Many people ask "Which Nation made the Fastest Battleship?" This question is made more difficult by the fact that not everyone tests their warships in the same fashion. For instance, the British Government prior to WWI and the Italian Government prior to WWII would pay a premium to the builder for every knot above the ship's contract speed. Naturally, the builders took every advantage of this and often forced machinery beyond safe limits. Eventually, this was stopped as some of the tricks included such things as operating the ships without any armament installed.
In contrast, the United States set early standards on how ships were to be tested for speed. From Dr. Friedman's "US Battleships" book:
Prior to the Newport Conference (1907), the standard for the US Navy was 2/3 fuel, feed water, ammunition and stores.

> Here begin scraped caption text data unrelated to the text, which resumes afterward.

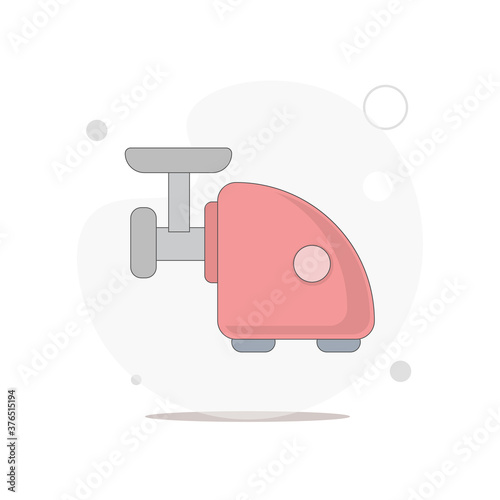 Meat grinder icon. Manual mincer vector flat illustration on white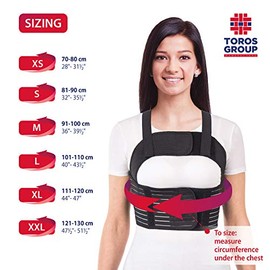 TOROS GROUP MANUFACTURE Women's Chest Corset with Chest Strap with Braces. Ideal for Coronary Post-operative Broken Ribs and sternum Black X-Small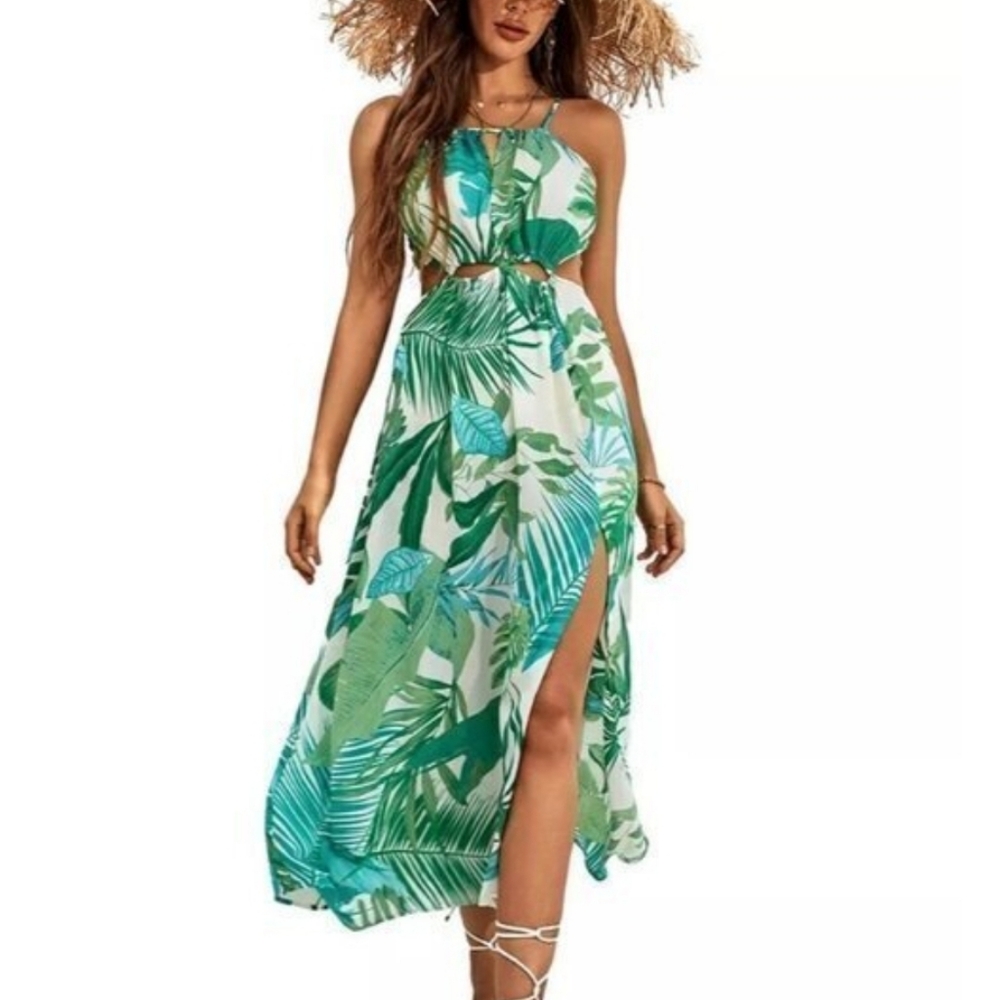 Tropical Green Leaf Print Maxi Dress
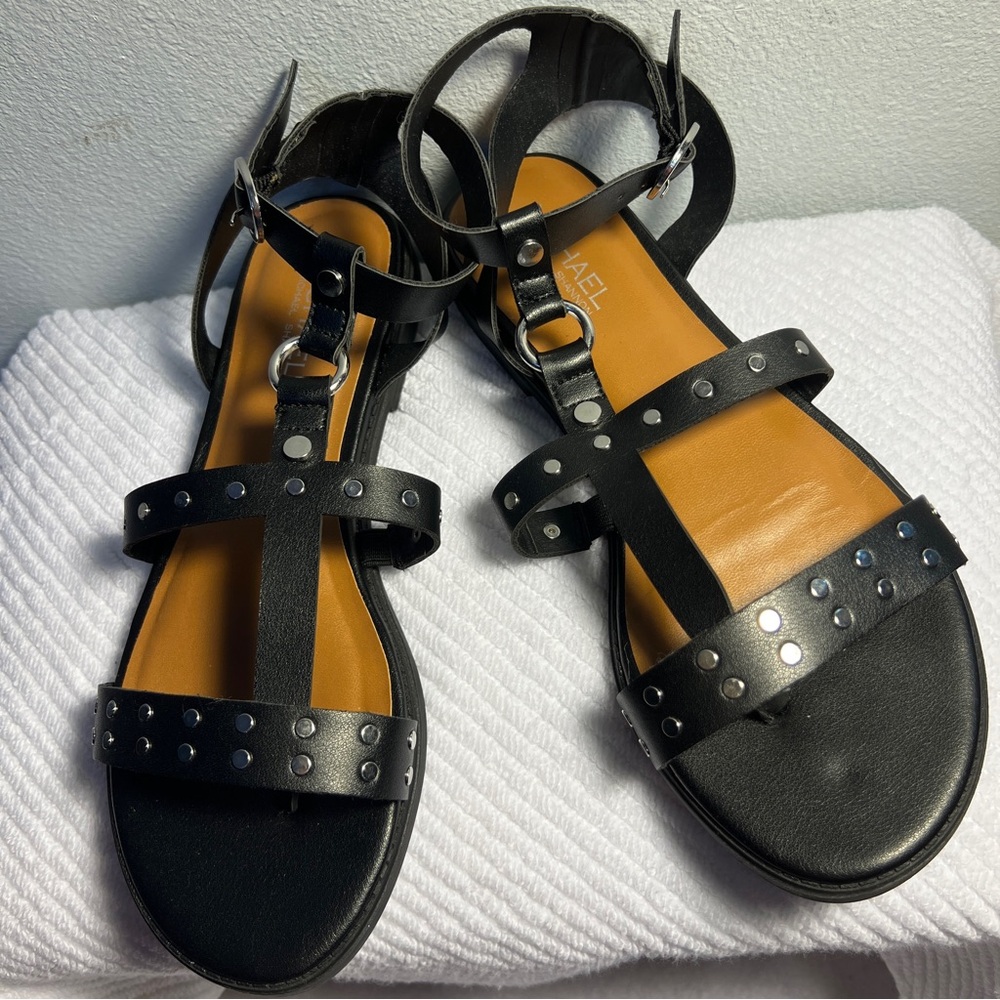 Michael by Michael Shannon Black Gladiator Flat Sandals Silver Studs NWOT 8M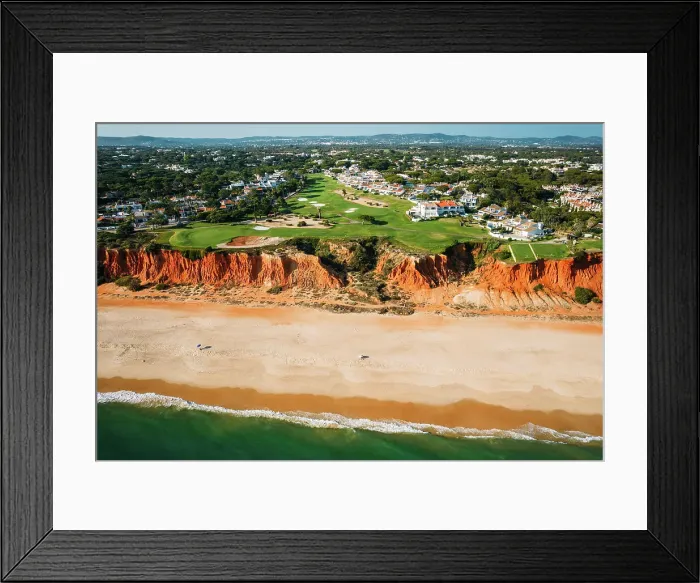 Framed Print : Aerial drone view of Praia de Vale do Lobo with magnificent golf courses overlooking the ocean in Algarve, Portugal, Europe Framed Print : Aerial drone view of Praia de Vale do Lobo with magnificent golf courses overlooking the ocean in Algarve, Portugal, Europe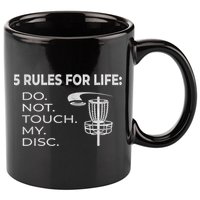 Disc Golf 5 Rules For Life I Funny Saying 11oz C Handle Ceramic Mug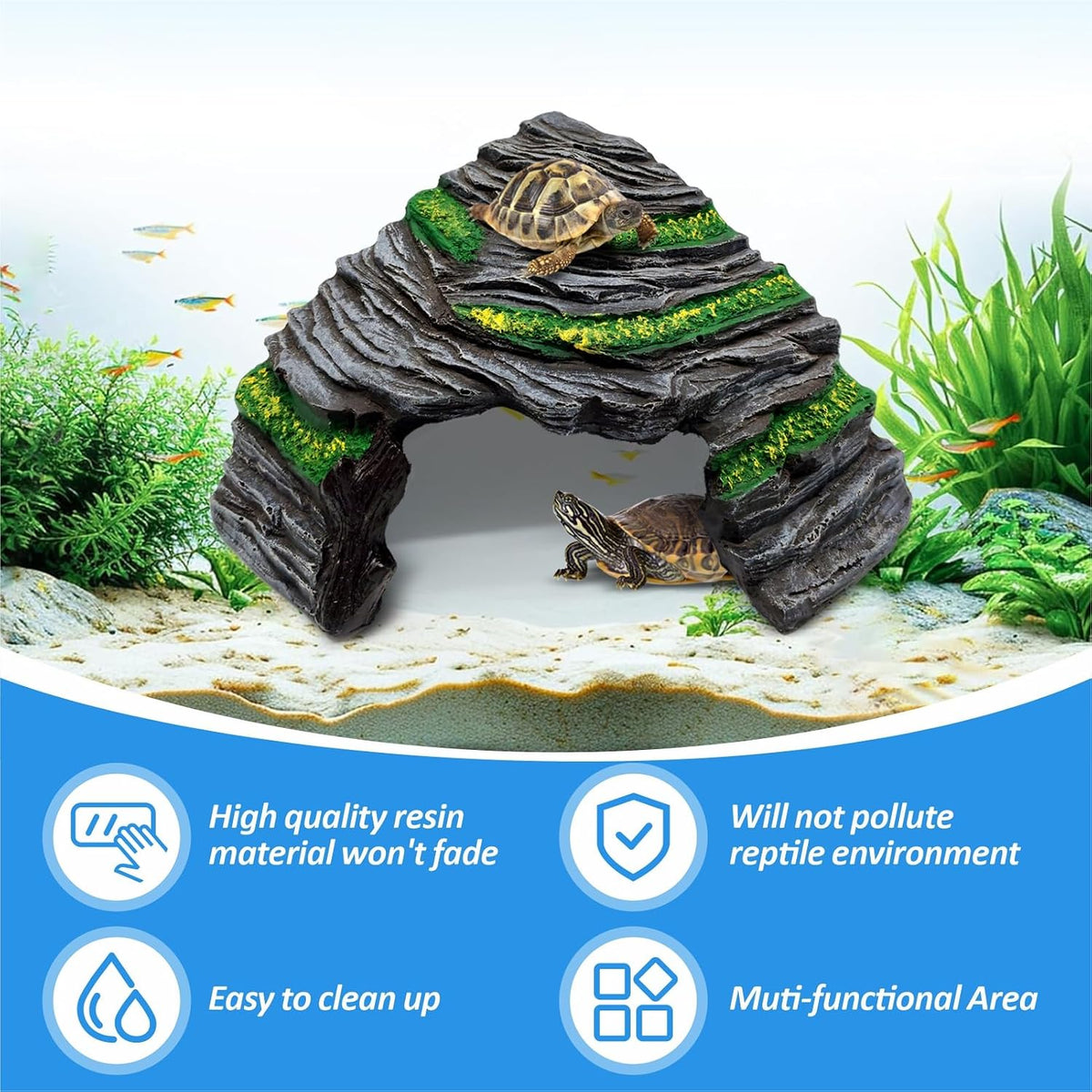 Reptile Hideout Cave,Turtle Tank Accessories Decor,Basking Platform for Bearded Dragon,Snake and Leopard Gecko.(Grey Hill-M-Kit)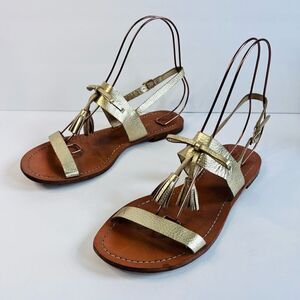 Kate Spade Gold tassel sandals, size 10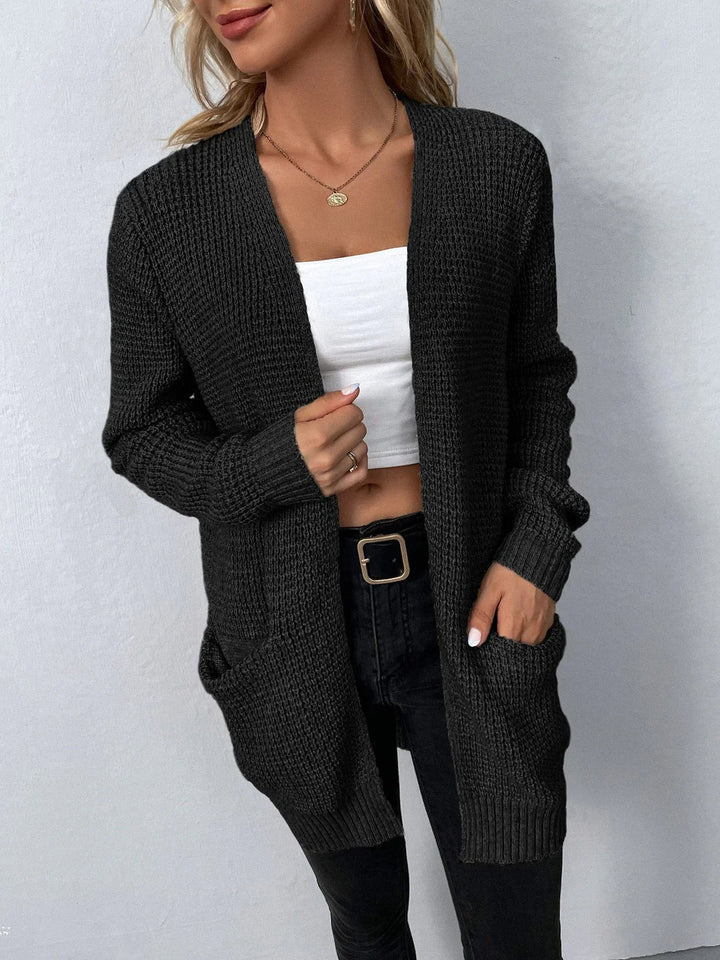 Damen Strickjacke mit Offener Vorderseite und Aufgesetzten Taschen-Women cardigans-Alpenkind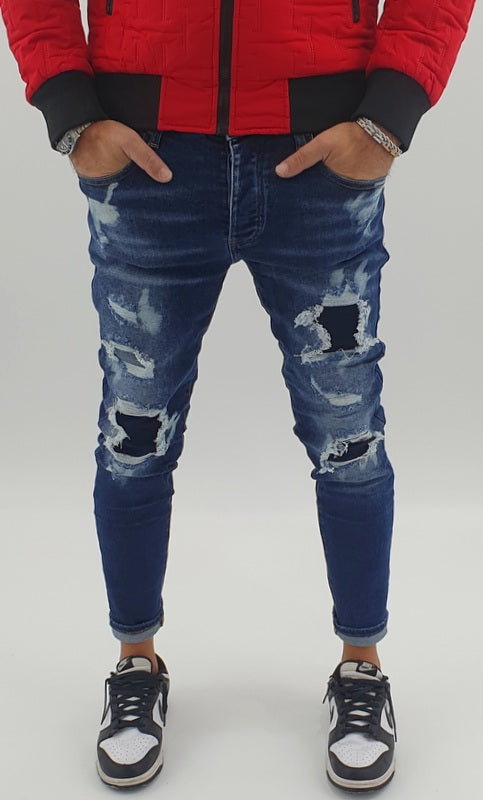 Jeans Denim Pantaloni Uomo Slim fit Elasticizzati Pittura Con Strappi Toppe Blu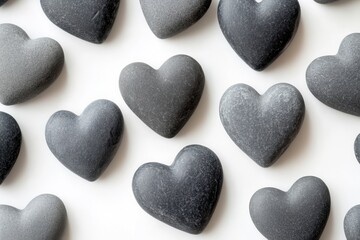 Obraz premium Heart shapes assortment for love-themed projects, valentine's day inspiration, and health concepts. Gray hearts on white evoke warmth and affection for various creative endeavors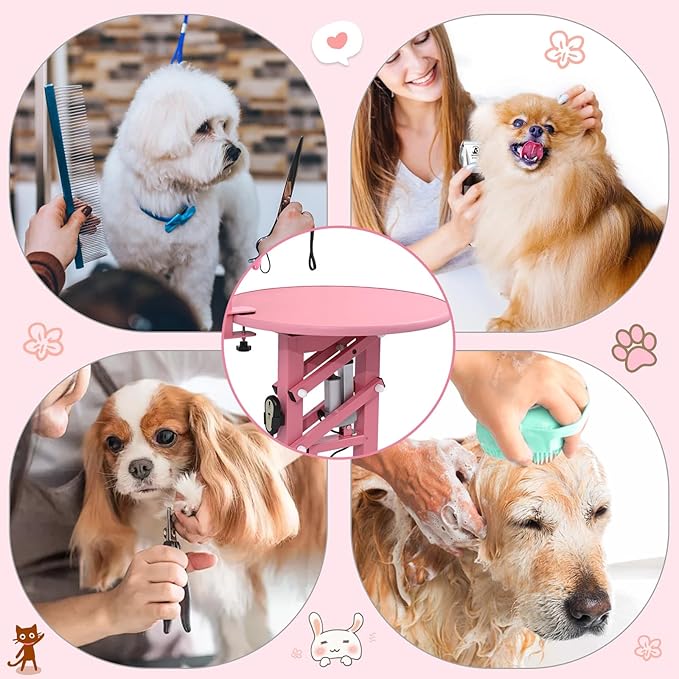 24" Electric Dog Grooming Table, Fast Lift Heavy Duty 360° Rotating Pet Grooming Desk for Small Dogs with Anti Skid Tabletop, Remote, Grooming Set, Tool Organizer, Pink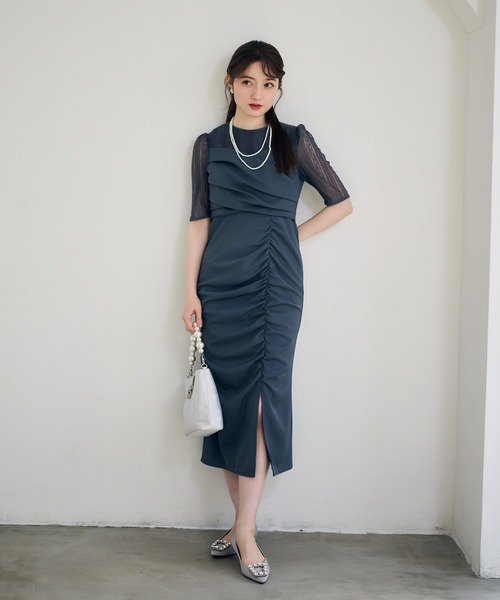 12Twelve Agenda(トゥエルブ アジェンダ)の「ストライプレースセットドレスワンピース(ワンピース・レディース・ブラック/グレー・S/M)」の2枚目の写真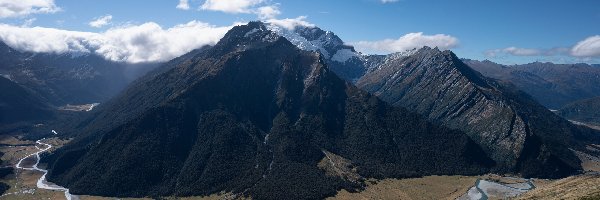 Niebo, Queenstown, Dolina, Tasman River, Wyspa Południowa, Góry, Rzeka, Nowa Zelandia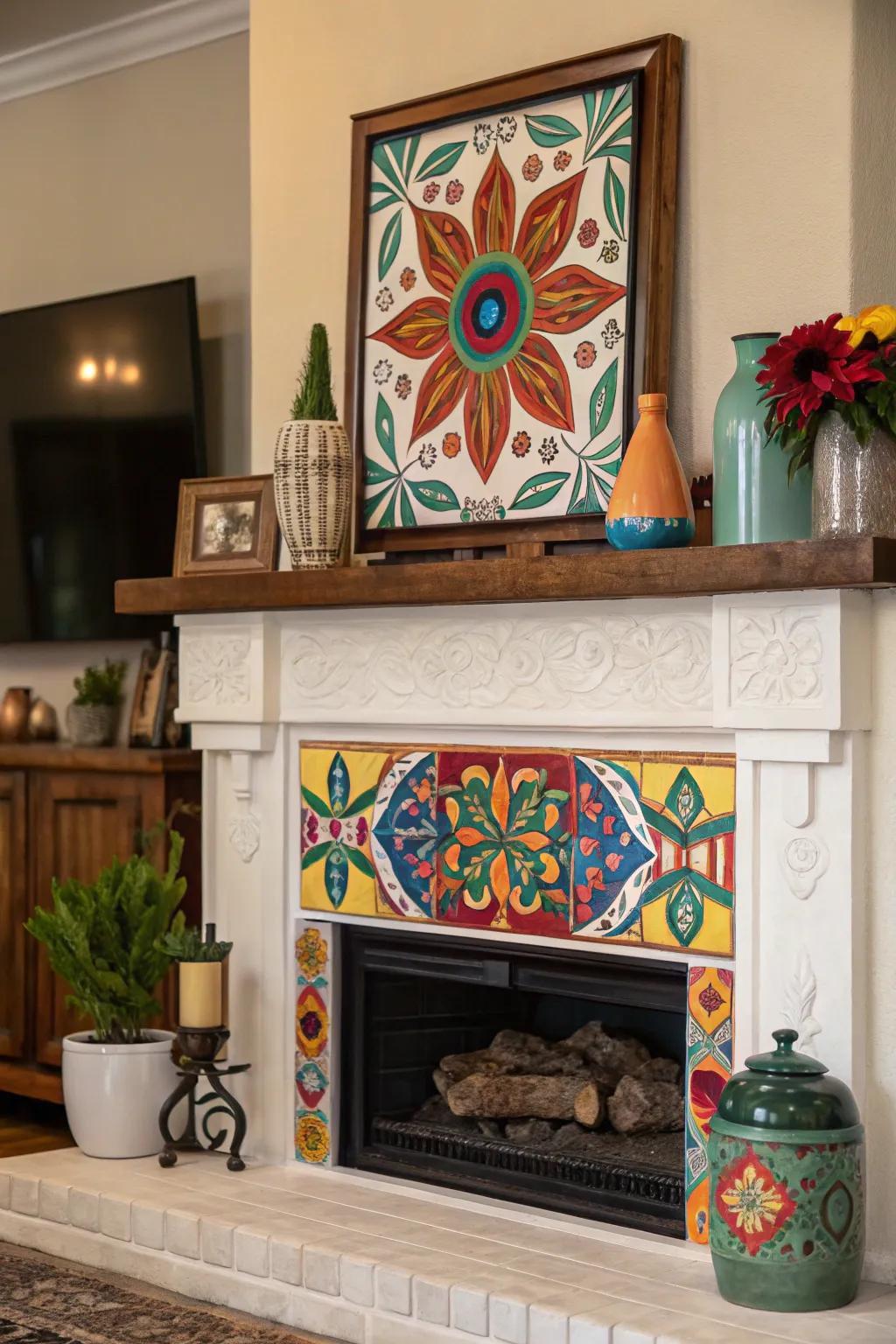 A vivid artwork infusing personality into the fireplace mantel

After the conference, ammunition was increased to full load.
Early in WWII, fuel and stores were also increased to full load. So, this is important when comparing one nation's ship to another nation's ship.
Apparently, no full power measured mile trials in deep water were ever made with an Iowa class battleship. During WWII, this was because of the U-boat threat. After WWII, the US practice was not to perform measured mile tests. So, I've defined the following information as to how derived.
The New Jersey made 32.4 knts. (indicated) during initial trials on 22 July 1943 inside the Delaware Bay. During standardization trials in October 1943 near Rockland, Maine, she made about 30 knts.* over a measured mile, but this was not at full power because the water was too shallow. All trials in 1943 were made in shallow bays, as this made it easier to protect the ship from U-boat attacks. During the infamous "Bull's Run" fiasco, she made 28 knts., sustained.
When reactivated for Korea in March 1951, she made a sustained 32 knts., indicated, during a "full power" run between Puerto Rico and Norfolk, Va. Note: This would be at least partially in "Tropical Waters." After an overhaul in Norfolk, she made 31 knts. on 15 December 1954.
When reactivated for Vietnam, she made 35.2 knts. (indicated) on 27 March 1968 in the Atlantic near Delaware Bay.
All weights are in "long tons," that is, 2240 lb./ton. = 1018.18 kg.
|Displacement Condition||Displacement (tons)|
|Design Full Load||56,270|
|Date||Displacement (tons)||Power (SHP)||Speed (knts)|
On the basis of the above trial data plus tests with models (both non-propelled and self-propelled), this was equated as follows:
|Condition||Displacement (tons)||Power (SHP)||Speed (knts)|
|Trial Displacement||53,900||212,000||32.5 knts|
During WWII, the Iowa's were considered good for 30.7 knts. under average conditions (foul bottom, moderate sea state).
Since the Iowa's power plant was designed for a 20% overload (254,000 SHP), a fully loaded Iowa could theoretically reach 33.5 knts., or a lightly loaded (51,000 tons) could reach 35.4 knts.
In October 1948, BuShips estimated that adding or subtracting 1,000 tons was equivalent to 0.25 knts. This is important, as it implies that an Iowa with only half its fuel (which seems to have been the European trial standard) would be 4500 tons lighter, which should imply a full knot faster.
Based upon the New Jersey's trial data, her fuel consumption was computed to be equivalent to:
|Speed (knts)||Power (SHP)||Range (nm)|
|30+||212,000 (full power)||4,830|
You can see that doubling the speed quadruples the fuel consumption.